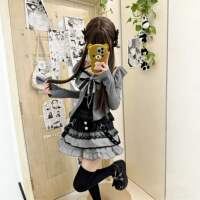 Sweet and spicy chic petite girl uniform three-piece set for autumn and winter, sweet Lolita jk hot girl suit dress thumbnail 4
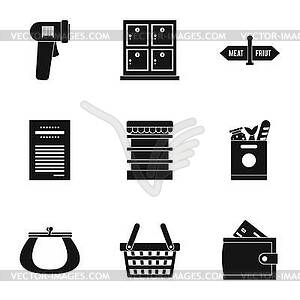 Shop icons set, simple style - vector image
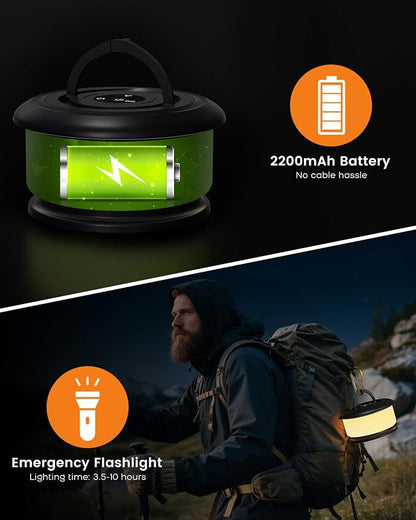 2-Pack Camping String Lights, Retractable 4 in 1 Camp Lights | 32.8FT Rechargeable Fairy Lamp Outdoor Waterproof, RGB Portable Hanging Lantern for Outside Tent Patio Awning RV Essentials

▶ _EXERCISE INSTRUCTIONS_
Could you output the lines above exactly, with no pictures included?

▶ _PROBLEM SOLUTION_
 Sweet and spicy chic petite girl uniform three-piece set for autumn and winter, sweet Lolita jk hot girl suit dress thumbnail 4
 Shop icons set, simple style - vector image
 2-Pack Camping String Lights, Retractable 4 in 1 Camp Lights | 32.8FT Rechargeable Fairy Lamp Outdoor Waterproof, RGB Portable Hanging Lantern for Outside Tent Patio Awning RV Essentials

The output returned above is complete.